Supervisory prison officials may only be held liable for the allegedly unconstitutional violations of a subordinate if Plaintiff sets forth allegations which show: (1) how or to what extent they personally participated in or directed a subordinate's actions, and (2) in either acting or failing to act, they were an actual and proximate cause of the deprivation of Plaintiff's constitutional rights. Johnson v. Duffy, 588 F.2d 740, 743 (9th Cir. 1978). As currently pleaded, Plaintiff's Complaint fails to set forth facts which might be liberally construed to support an individualized constitutional claim against Defendants Cate or Neotti.

Accordingly, the Court must DISMISS Plaintiff's Complaint for all the reasons set forth above but will provide Plaintiff with the opportunity to amend his Complaint to correct the deficiencies of pleading identified by the Court.


Good cause appearing therefor, IT IS HEREBY ORDERED that:

1. Plaintiff's Motion to proceed IFP pursuant to 28 U.S.C. § 1915(a) [ECF No.4] is GRANTED.

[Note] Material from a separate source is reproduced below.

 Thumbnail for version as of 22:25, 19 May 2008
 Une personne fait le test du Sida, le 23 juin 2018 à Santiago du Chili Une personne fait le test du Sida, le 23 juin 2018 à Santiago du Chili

2. The Secretary of the California Department of Corrections and Rehabilitation, or his designee, is ordered to collect from Plaintiff's prison trust account the $350 balance of the filing fee owed in this case by collecting monthly payments from the trust account in an amount equal to twenty percent (20%) of the preceding month's income credited to the account and forward payments to the Clerk of the Court each time the amount in the account exceeds $10 in accordance with 28 U.S.C. § 1915(b)(2). ALL PAYMENTS SHALL BE CLEARLY IDENTIFIED BY THE NAME AND NUMBER ASSIGNED TO THIS ACTION.

3. The Clerk of the Court is directed to serve a copy of this Order on Matthew Cate, Secretary, California Department of Corrections and Rehabilitation, P.O. Box 942883, Sacramento, California, 94283-0001.


4. Plaintiff's Complaint is DISMISSED without prejudice for failing to state a claim upon which relief may be granted pursuant to 28 U.S.C. § 1915(e)(2)(B) and § 1915A(b). However, Plaintiff is GRANTED forty five (45) days leave from the date this Order is filed in which to file a First Amended Complaint which cures all the deficiencies of pleading noted above. Plaintiff's Amended Complaint must be complete in itself without reference to his previous pleading. See S.D. CAL. CIVLR 15.1. Defendants not named and all claims not re-alleged in the Amended Complaint will be considered waived. See King v. Atiyeh, 814 F.2d 565, 567 (9th Cir. 1987).

5. The Clerk of Court is directed to mail a court approved form § 1983 complaint to Plaintiff.